The vehicle 120 may further include one or more cameras 352. The one or more cameras 352 may be any device having an array of sensing devices (e.g., a CCD array or active pixel sensors) capable of detecting radiation in an ultraviolet wavelength band, a visible light wavelength band, or an infrared wavelength band. The one or more cameras 352 may have any resolution. The one or more cameras 352 may be an omni-direction camera or a panoramic camera. In some embodiments, one or more optical components, such as a mirror, fish-eye lens, or any other type of lens may be optically coupled to the one or more cameras 352. The image data collected by the one or more cameras 352 may be stored in the one or more memories 344.

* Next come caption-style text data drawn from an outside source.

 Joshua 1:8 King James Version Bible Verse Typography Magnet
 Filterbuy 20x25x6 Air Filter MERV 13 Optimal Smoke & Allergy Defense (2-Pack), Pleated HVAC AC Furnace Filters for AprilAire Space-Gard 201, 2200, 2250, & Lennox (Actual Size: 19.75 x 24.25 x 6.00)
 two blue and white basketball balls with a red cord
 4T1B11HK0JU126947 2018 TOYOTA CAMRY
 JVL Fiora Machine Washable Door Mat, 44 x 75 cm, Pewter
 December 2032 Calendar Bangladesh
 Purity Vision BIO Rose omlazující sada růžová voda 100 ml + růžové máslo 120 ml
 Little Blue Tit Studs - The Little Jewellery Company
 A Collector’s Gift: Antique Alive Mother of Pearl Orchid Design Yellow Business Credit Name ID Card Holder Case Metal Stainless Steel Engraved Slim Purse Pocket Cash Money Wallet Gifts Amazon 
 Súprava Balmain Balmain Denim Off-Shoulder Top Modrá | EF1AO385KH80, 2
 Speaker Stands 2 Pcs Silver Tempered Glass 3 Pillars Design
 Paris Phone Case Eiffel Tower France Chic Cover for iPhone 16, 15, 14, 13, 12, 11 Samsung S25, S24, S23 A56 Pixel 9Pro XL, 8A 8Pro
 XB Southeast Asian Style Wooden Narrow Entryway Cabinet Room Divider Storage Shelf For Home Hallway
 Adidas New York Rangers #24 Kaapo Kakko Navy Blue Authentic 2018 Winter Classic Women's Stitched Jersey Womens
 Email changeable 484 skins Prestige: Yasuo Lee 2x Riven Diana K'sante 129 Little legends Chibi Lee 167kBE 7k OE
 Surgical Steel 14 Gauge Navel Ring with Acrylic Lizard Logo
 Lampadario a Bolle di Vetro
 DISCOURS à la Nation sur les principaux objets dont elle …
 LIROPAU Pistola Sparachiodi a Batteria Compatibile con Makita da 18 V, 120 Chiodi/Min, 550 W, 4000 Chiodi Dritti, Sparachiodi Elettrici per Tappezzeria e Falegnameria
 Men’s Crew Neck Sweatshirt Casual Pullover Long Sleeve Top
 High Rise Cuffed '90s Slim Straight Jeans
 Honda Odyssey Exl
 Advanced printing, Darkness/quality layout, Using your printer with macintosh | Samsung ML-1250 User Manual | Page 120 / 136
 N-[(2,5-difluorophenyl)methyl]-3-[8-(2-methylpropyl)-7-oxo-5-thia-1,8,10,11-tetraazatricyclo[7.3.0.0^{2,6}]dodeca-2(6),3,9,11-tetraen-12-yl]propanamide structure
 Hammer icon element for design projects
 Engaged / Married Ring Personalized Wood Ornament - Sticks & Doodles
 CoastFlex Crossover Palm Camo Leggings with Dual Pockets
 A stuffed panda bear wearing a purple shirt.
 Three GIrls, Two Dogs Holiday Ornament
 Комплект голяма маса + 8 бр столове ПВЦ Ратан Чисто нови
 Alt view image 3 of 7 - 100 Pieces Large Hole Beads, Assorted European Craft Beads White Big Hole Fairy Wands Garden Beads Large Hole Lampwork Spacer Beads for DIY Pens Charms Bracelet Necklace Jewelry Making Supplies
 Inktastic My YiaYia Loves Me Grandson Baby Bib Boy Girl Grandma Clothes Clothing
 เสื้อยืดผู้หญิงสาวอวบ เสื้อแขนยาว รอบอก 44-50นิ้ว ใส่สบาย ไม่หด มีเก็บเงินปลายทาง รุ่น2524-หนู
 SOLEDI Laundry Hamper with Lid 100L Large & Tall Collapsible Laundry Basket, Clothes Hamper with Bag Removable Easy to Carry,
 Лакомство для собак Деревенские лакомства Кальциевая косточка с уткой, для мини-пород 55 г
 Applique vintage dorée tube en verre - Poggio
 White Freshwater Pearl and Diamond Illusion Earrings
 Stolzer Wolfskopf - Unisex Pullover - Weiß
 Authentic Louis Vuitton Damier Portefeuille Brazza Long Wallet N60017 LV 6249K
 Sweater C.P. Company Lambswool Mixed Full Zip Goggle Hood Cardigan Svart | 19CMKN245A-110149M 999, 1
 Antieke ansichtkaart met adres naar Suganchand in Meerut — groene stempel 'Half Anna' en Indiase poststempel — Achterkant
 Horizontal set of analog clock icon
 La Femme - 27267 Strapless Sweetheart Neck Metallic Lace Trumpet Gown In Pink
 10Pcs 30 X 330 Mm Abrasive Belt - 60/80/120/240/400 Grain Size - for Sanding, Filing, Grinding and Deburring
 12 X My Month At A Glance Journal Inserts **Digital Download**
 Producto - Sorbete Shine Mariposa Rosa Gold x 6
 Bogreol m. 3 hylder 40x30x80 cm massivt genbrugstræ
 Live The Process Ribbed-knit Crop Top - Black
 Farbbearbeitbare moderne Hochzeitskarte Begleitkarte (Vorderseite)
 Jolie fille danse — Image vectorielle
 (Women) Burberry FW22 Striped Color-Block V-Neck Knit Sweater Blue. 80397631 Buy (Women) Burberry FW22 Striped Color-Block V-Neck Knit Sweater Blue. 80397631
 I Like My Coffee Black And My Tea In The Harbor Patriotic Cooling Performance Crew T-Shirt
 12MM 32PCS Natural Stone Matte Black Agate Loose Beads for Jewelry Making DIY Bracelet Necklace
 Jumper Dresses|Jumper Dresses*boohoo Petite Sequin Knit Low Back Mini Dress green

Still referring to FIG. 3, a global positioning system, GPS 354, may be coupled to the communication path 330 and communicatively coupled to the computing device 340 of the vehicle 120. The GPS 354 is capable of generating location information indicative of a location of the vehicle 120 by receiving one or more GPS signals from one or more GPS satellites. The GPS signal communicated to the computing device 340 via the communication path 330 may include location information comprising a National Marine Electronics Association (NMEA) message, a latitude and longitude data set, a street address, a name of a known location based on a location database, or the like. Additionally, the GPS 354 may be interchangeable with any other system capable of generating an output indicative of a location. For example, a local positioning system that provides a location based on cellular signals and broadcast towers or a wireless signal detection device capable of triangulating a location by way of wireless signals received from one or more wireless signal antennas. The sensor data collected by the GPS 354 may be stored in the one or more memories 344.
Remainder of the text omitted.